Joe Adams

No. 15
- Positions: Wide receiver, kickoff returner

Personal information
- Born: November 22, 1989 (age 36) Little Rock, Arkansas, U.S.
- Listed height: 5 ft 11 in (1.80 m)
- Listed weight: 190 lb (86 kg)

Career information
- High school: Central Arkansas Christian (North Little Rock, Arkansas)
- College: Arkansas
- NFL draft: 2012: 4th round, 104th overall pick

Career history
- Carolina Panthers (2012); Edmonton Eskimos (2014)*; Houston Texans (2014)*; BC Lions (2014)*; Texas Revolution (2016–2019);
- * Offseason or practice squad member only

Awards and highlights
- Consensus All-American (2011); SEC Special Teams Player of the Year (2011); First-team All-SEC (2011); Second-team All-SEC (2009); Jet Award (2011); CIF champion (2017);

Career NFL statistics
- Receptions: 1
- Receiving yards: 7
- Return yards: 335
- Stats at Pro Football Reference

= Joe Adams (wide receiver) =

American gridiron football player (born 1989)

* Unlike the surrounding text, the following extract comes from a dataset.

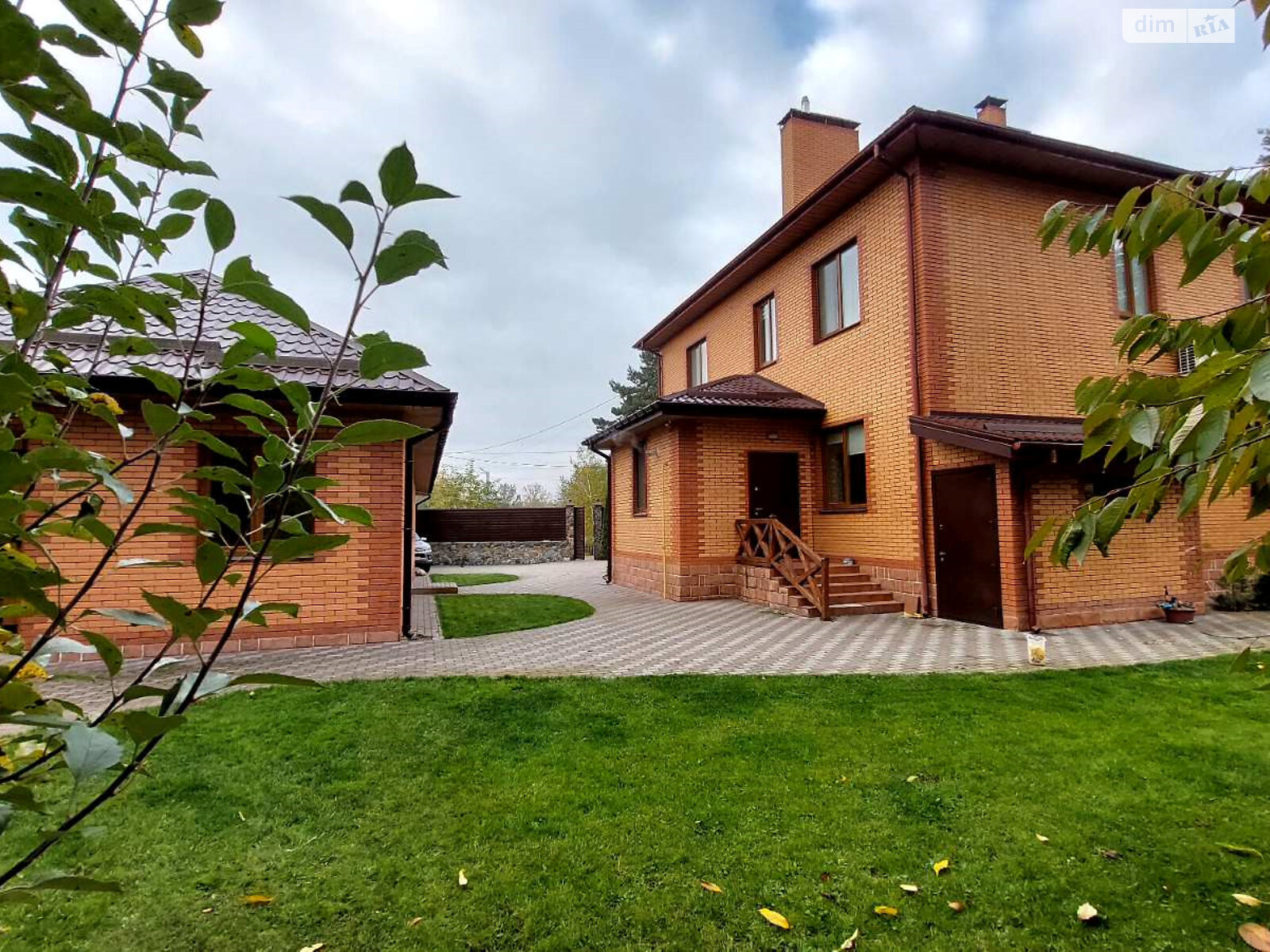 двоповерховий будинок з верандою, 360 кв. м, цегла. Продаж у Василькові фото 1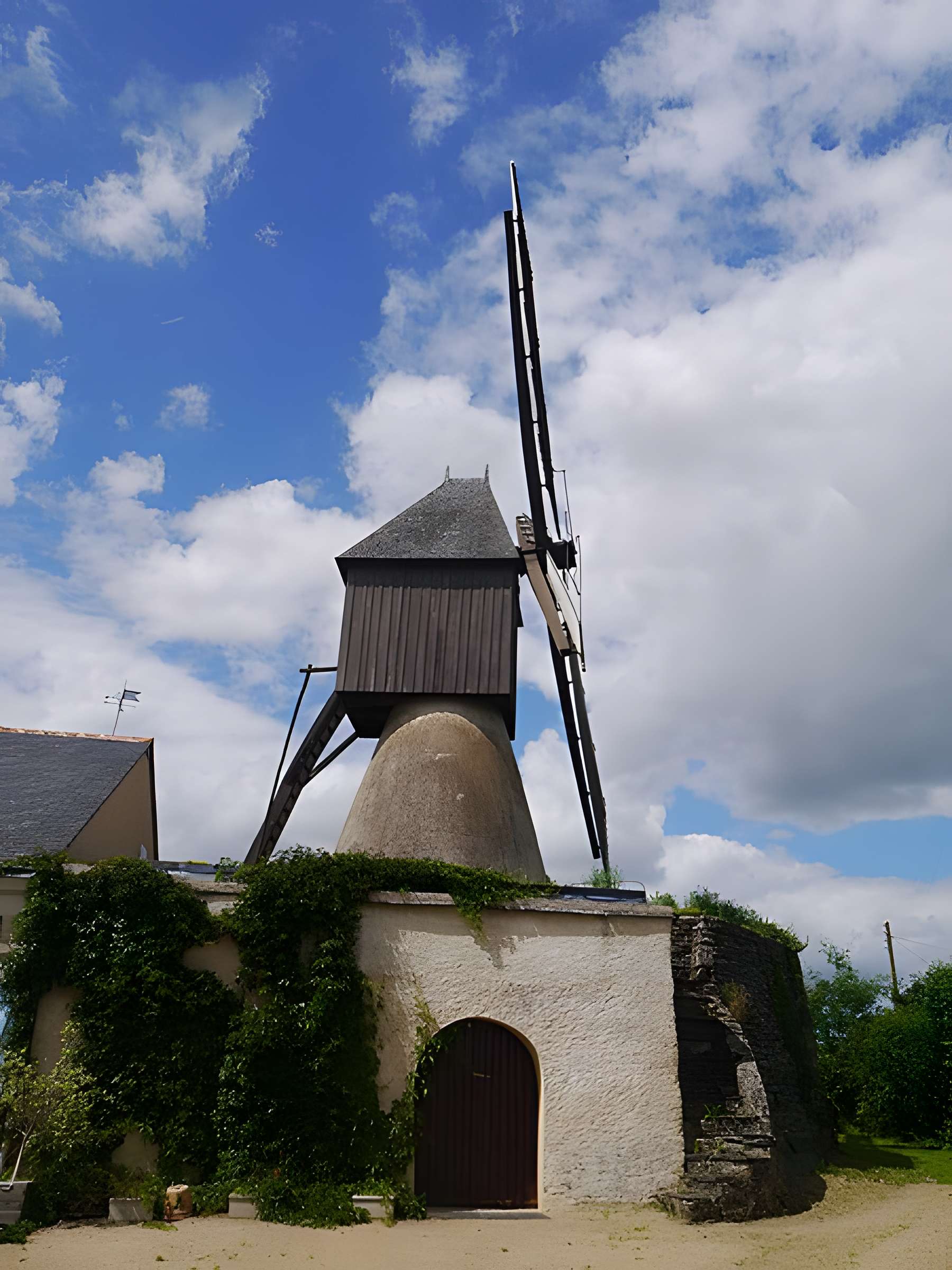 Moulin à vent de la Bigottière à Mozé-sur-Louet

Joe Adams (born November 22, 1989) is an American former professional football player who was a wide receiver for the Carolina Panthers of the National Football League (NFL). He played college football for the Arkansas Razorbacks, earning consensus All-American honors in 2011. He was selected by the Panthers in the fourth round of the 2012 NFL draft.

==Early life==
Adams was born in Little Rock, Arkansas. Encouraged by his mother Charlotte Allmon, he finished his secondary education at Central Arkansas Christian High School in North Little Rock, Arkansas.

==College career==
Adams attended the University of Arkansas, where he played for the Razorbacks from 2008 to 2011. Initially, the four-star receiver had verbally committed to play for the USC Trojans, but switched to Arkansas after Bobby Petrino was hired in December 2007. Adams was a three-year starter at wide receiver, and a four-year starter as Arkansas' main punt returner. As a senior in 2011, he was recognized as a consensus first-team All-SEC player, as well as a consensus first-team All-American, after being named to the first-teams of ESPN, the Football Writers Association of America (FWAA), Pro Football Weekly, Scout.com, and Sporting News.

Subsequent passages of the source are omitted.